**Matti Pitkanen** (*matpitka@pcu.helsinki.fi*)

*Thu, 6 May 1999 20:11:33 +0300 (EET DST)*

**Messages sorted by:**[ date ] [ thread ] [ subject ] [ author ]**Next message:**Hitoshi Kitada: "[time 283] correction on numbering"**Previous message:**Stephen Paul King: "[time 281] Re: Fisher information"

I am enthusiastic about information theoretic interpreation

of action and have proposed my own TGD based interpretation.

I am however not enthusiastic about some features of

Fisher information.

a) Each type of measurement defines its own action and this

looks very suspicious.
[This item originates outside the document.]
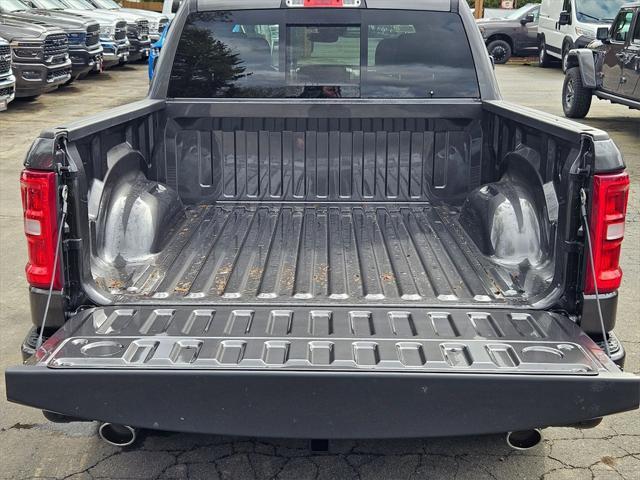 new 2025 Ram 1500 car, priced at $57,993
We perform all kinds of measurements, not

only position measurements.

b) The use of specific information measure seems also suspicious.

c) I got the impression that one can derive Laplace equations

from Fisher information but I could not understand how d'Alembertian

type equations are obtained naturally: the problem is

Minkowski signature: Box =partial_t^2 -nabla^2. If I understood correctly

(perhaps I didn't) this requires the allowance of imaginary value

for the parameter, I think it was called theta, appearing in Fisher

information.

d) The division of action I-J to a difference of two kinds of

informations: the total information J contained by system and the maximum

achievable information. If I understood correctly, this decomposition

fails to be General Coordinate invariant

in case of Maxwell action for which I correponds to magnetic energy

and J to electric energy. I might be wrong: any opinions?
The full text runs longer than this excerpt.